Below is a listing. Quote from it, exactly, the lines from the one containing "貝佐斯（Jeff Bezos）以2.5億美元收購《華盛頓郵報》（The Washington" down to the one containing "uszkodzony samochody osobowe", both ends included, and nothing else.

(Information provided Opens)

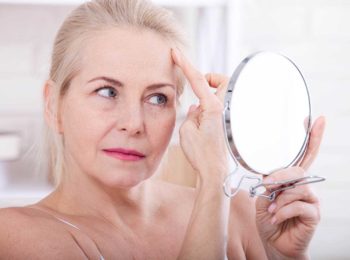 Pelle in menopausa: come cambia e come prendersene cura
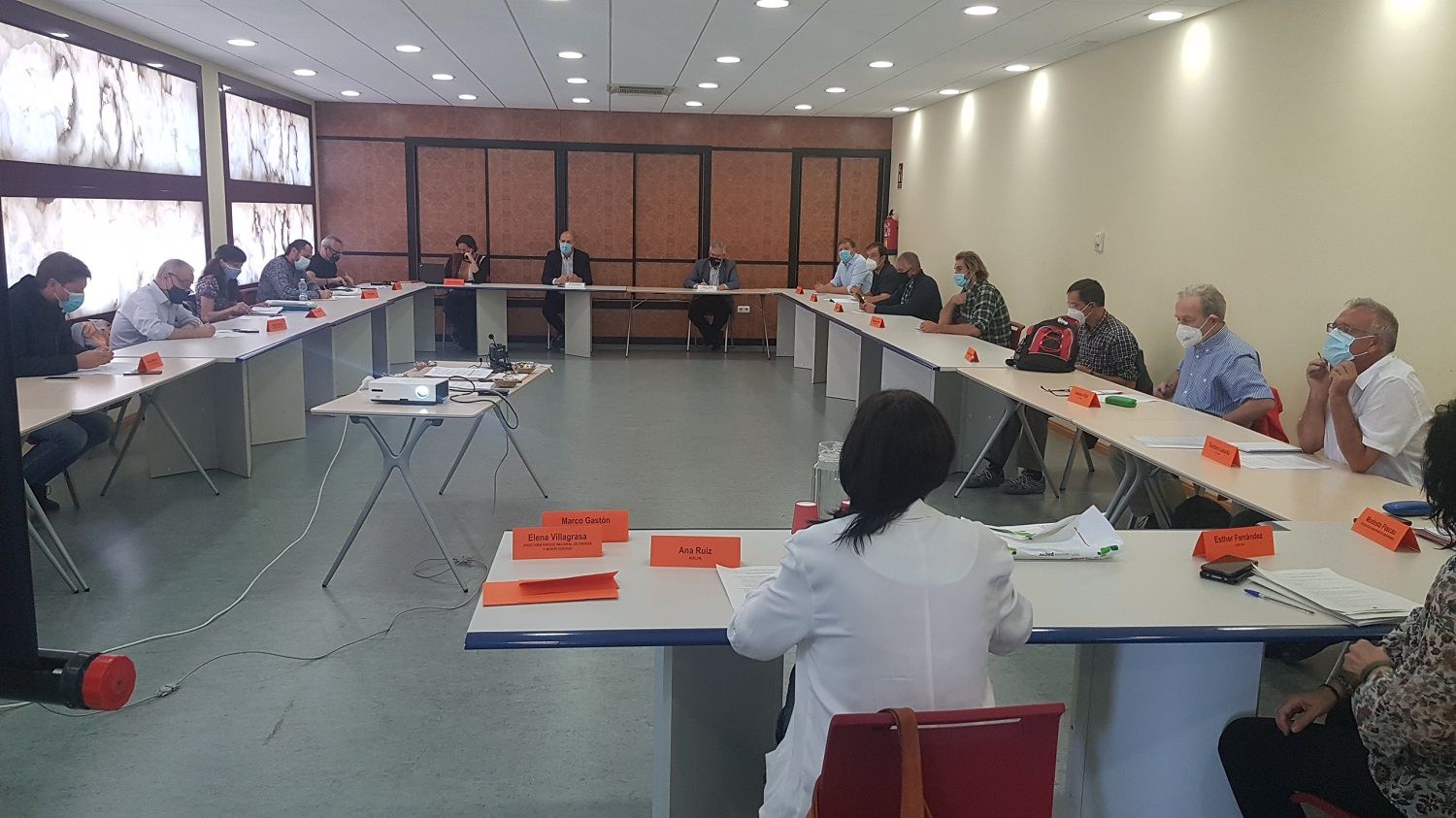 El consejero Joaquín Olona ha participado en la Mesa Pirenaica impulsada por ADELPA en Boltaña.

(Information provided Closes)
(Information provided Opens)

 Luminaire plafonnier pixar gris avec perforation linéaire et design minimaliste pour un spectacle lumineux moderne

(Information provided Closes)
(Information provided Opens)

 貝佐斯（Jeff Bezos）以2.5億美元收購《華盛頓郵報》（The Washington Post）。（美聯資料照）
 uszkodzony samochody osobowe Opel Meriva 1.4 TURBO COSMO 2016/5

(Information provided Closes)

• Finished exercise:
 貝佐斯（Jeff Bezos）以2.5億美元收購《華盛頓郵報》（The Washington Post）。（美聯資料照）
 uszkodzony samochody osobowe Opel Meriva 1.4 TURBO COSMO 2016/5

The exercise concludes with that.